South Africa: Kwazulu-Natal On Course to Achieving Clean Audits

press release

Cooperative Governance and Traditional Affairs MEC Nomusa Dube has heaped praise on the leadership of uMtshezi Municipality (Escourt) following their achievement of a clean audit outcome for two years in a row.

In terms of the Auditor-General's (AG) audit report for the year 2011/12, which was handed to the province's municipalities today, uMtshezi has achieved a clean audit.

This municipality was among the five municipalities that were given a clean bill of health by the AG in respect of the 2010/11 audit report.

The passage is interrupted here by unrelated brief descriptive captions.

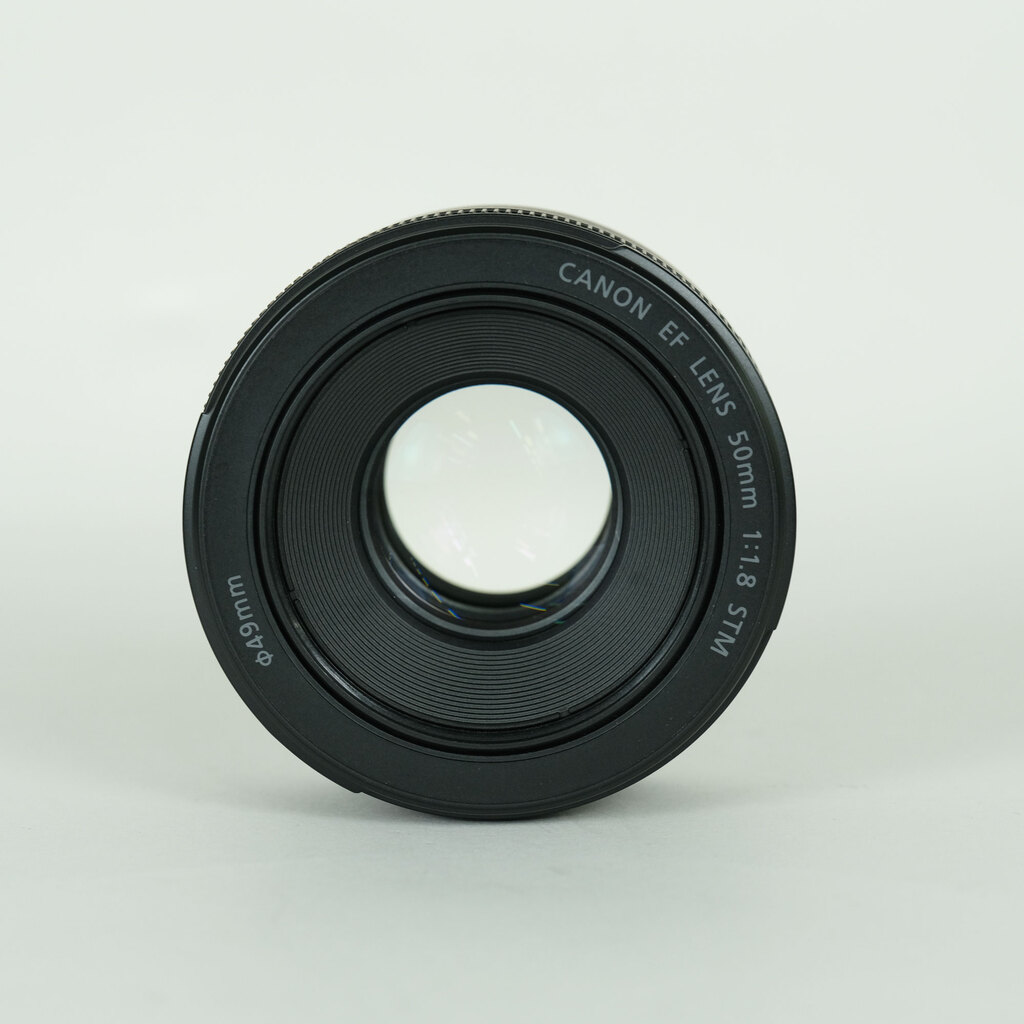 Canon EF50mm F1.8 STMの出品 | ONE SCENE（ワンシーン）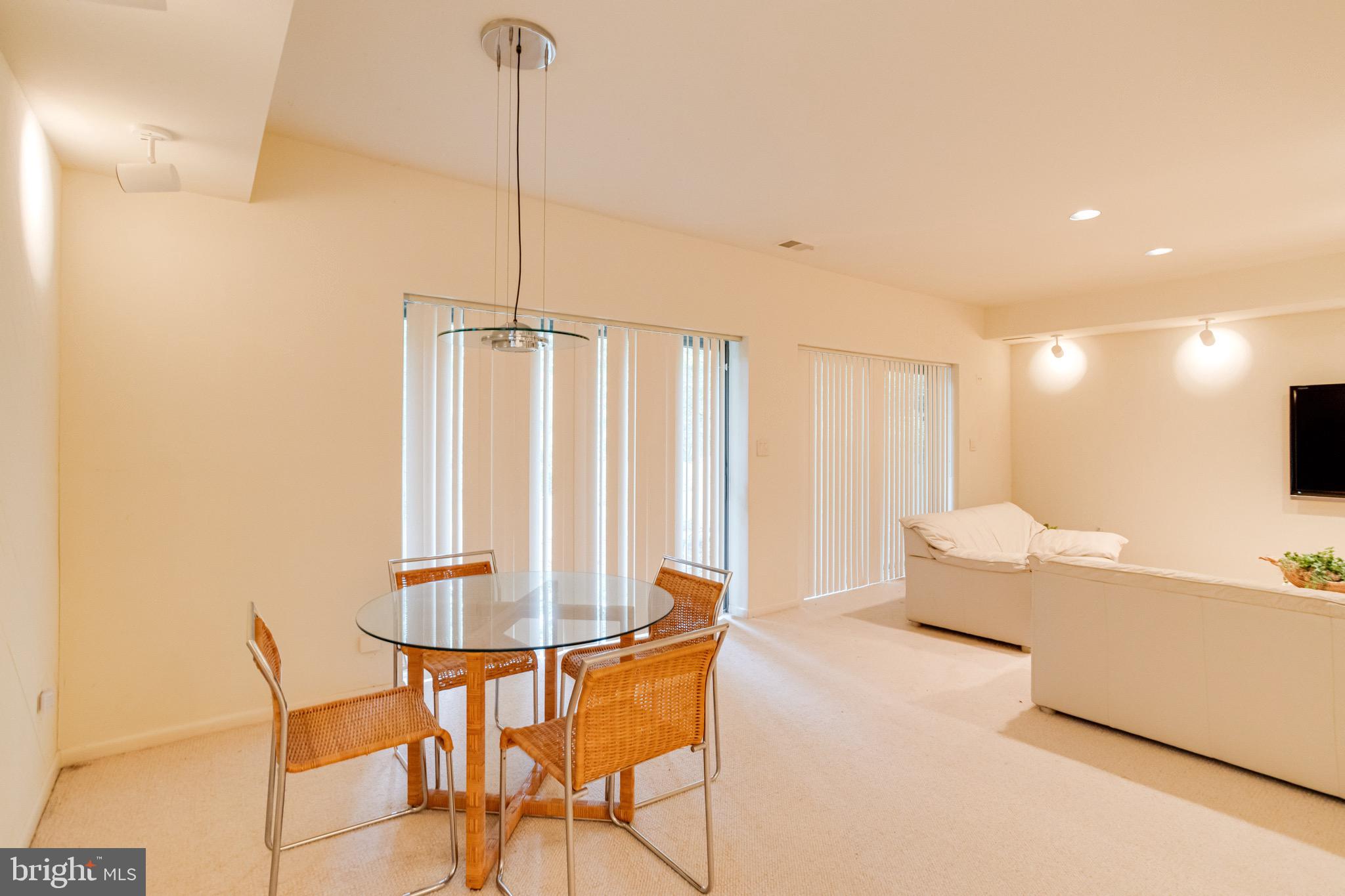 2403 Velvet Ridge Dr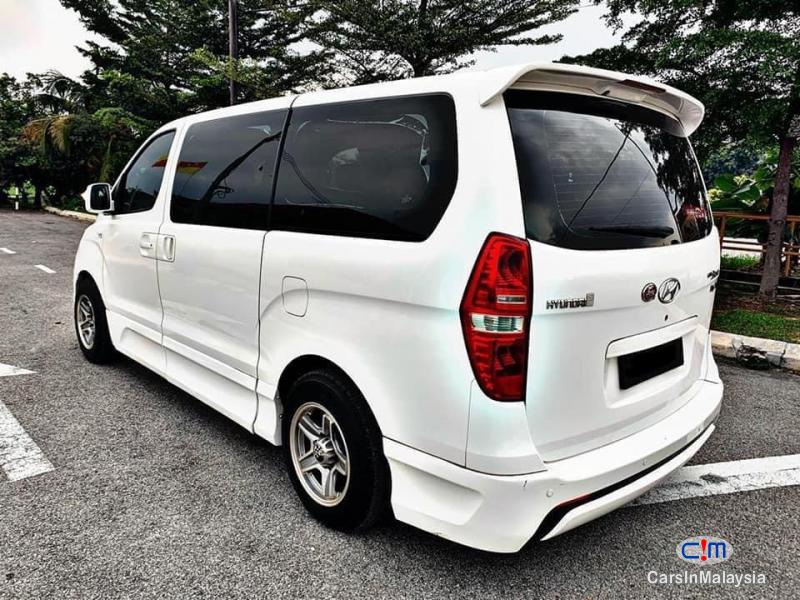 Hyundai Grand Starex 2.5-LITER 11 SEATER FAMILY MPV Automatic 2013 in Selangor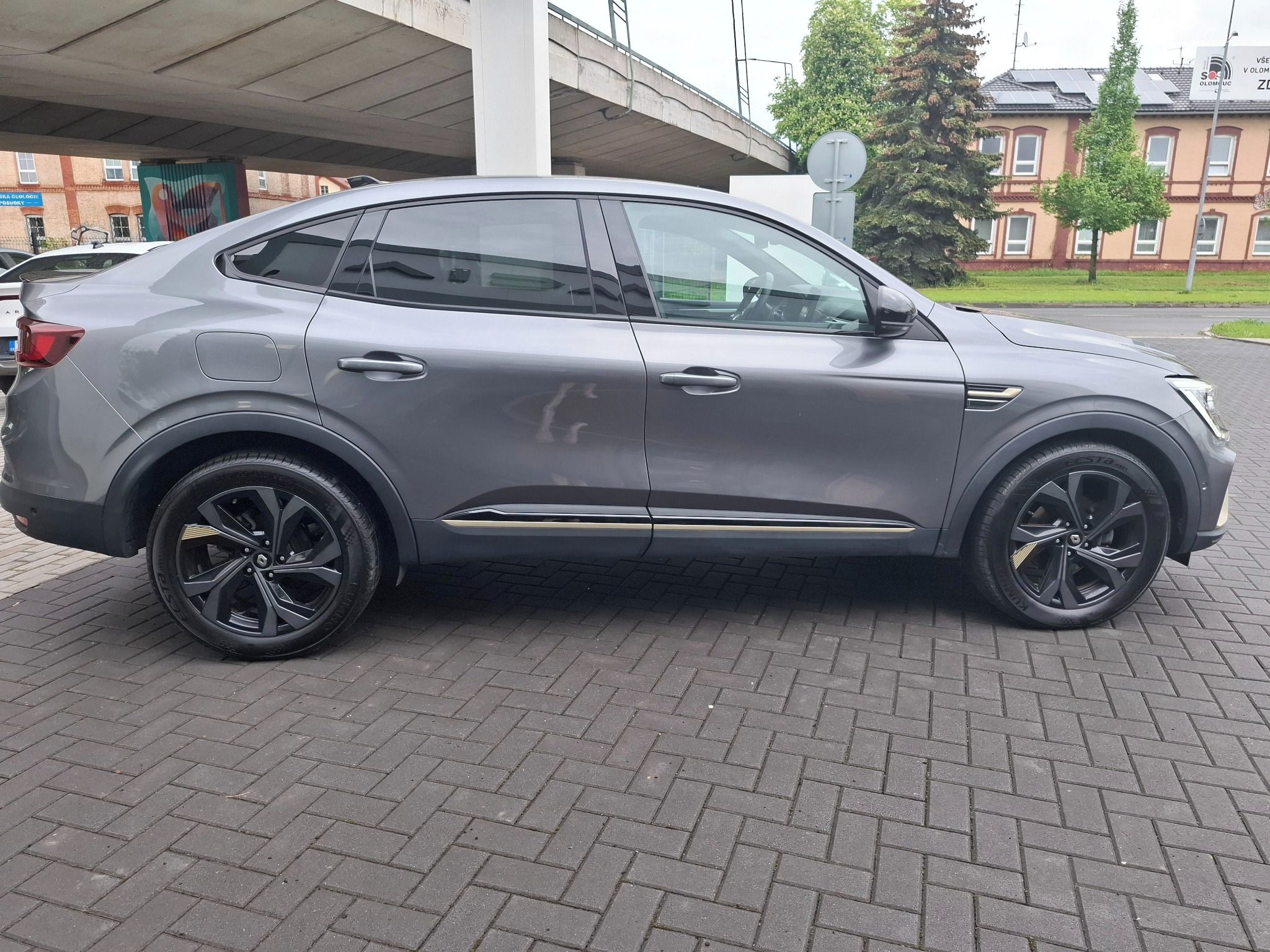 Renault Arkana, E-Tech engineered full hybrid - fotka 3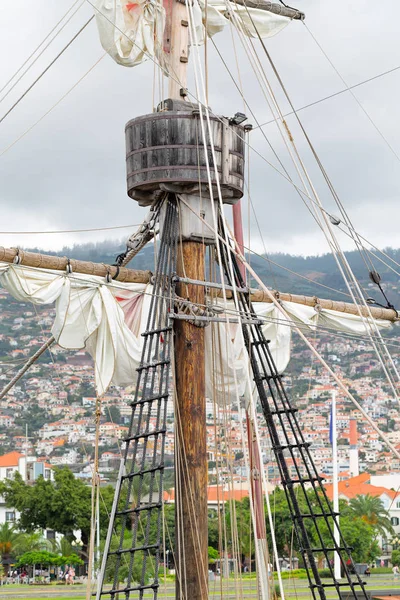 Tackles of an old sailing vessel - a mast, a mast, raised red-white sails, ropes. — Stock Photo, Image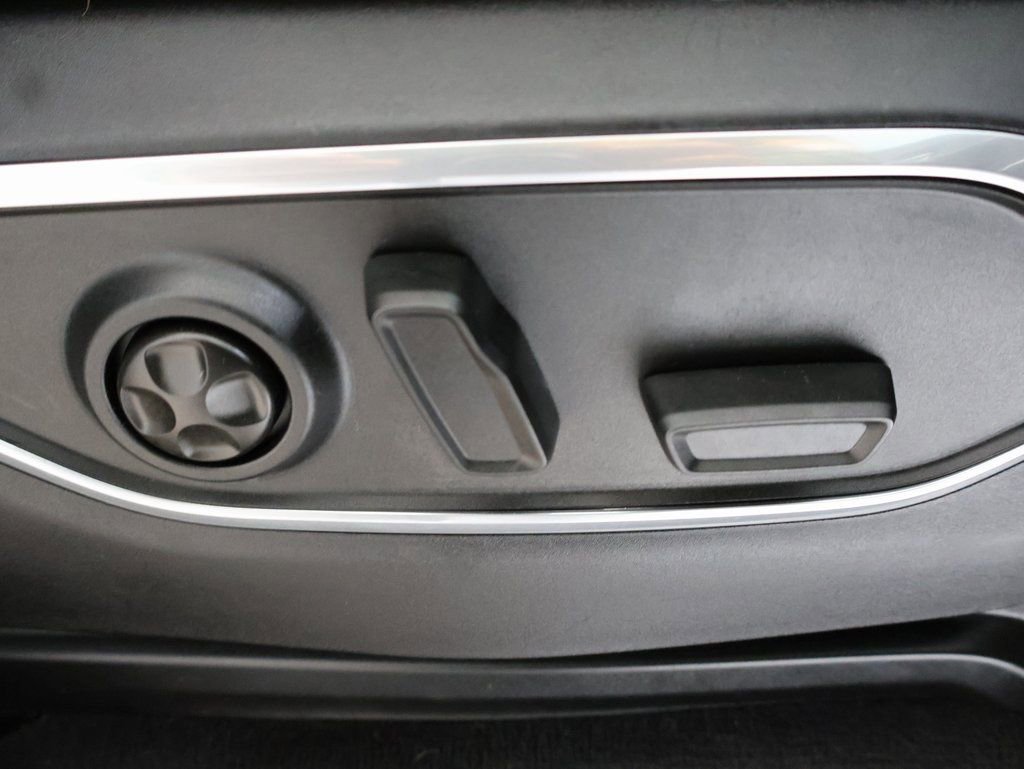 Used 2022 Jeep Wagoneer Series II w/ Premium Group I image 40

MEC Dube has also noted that the Indaka Municipality, which has been repeatedly receiving a qualified audit, has now improved to an unqualified audit outcome.

However, MEC Dube has expressed disappointment at the poor performance of other municipalities, but has, in the same breath, said the negative audit performance by other municipalities has given the government an opportunity to draw lessons that ensure that in the future all municipalities can perform positively.

In an attempt to immediately address the weaknesses that have led to the poor audit outcomes, MEC Dube is convening an urgent meeting will all the province's mayors, municipal managers and CFOs, details of which will be announced this week.

The AG's report indicates that for the 2011/12 financial year:

Four-five (45) municipalities have received unqualified audit reports compared to 47 last year;

Eight municipalities received qualified;

Seven municipalities have received disclaimers;

The poor performance by municipalities can be attributed to the following factors in our view:

The year in questions was characterised by the change of guard in the leadership of municipalities since the 2011 local government elections;

This period also coincided with the expiring of contracts of Municipal Managers and some Chief Financial Officers, which created a vacuum and compromised proper decision making;

The province is generally still faced with the shortage of the senior financial management skill, which is a key essential if municipalities are to achieve clean audits;

"Noting the above factors as having contributed to the poor performance, we will, however, draw lessons. Now that we have realised that we encounter weaknesses each time there is a change of leadership due to local government elections, we will now come up with measures to avert such a situation. We are to enhance our efforts to beef up financial prudence in municipalities," says MEC Dube.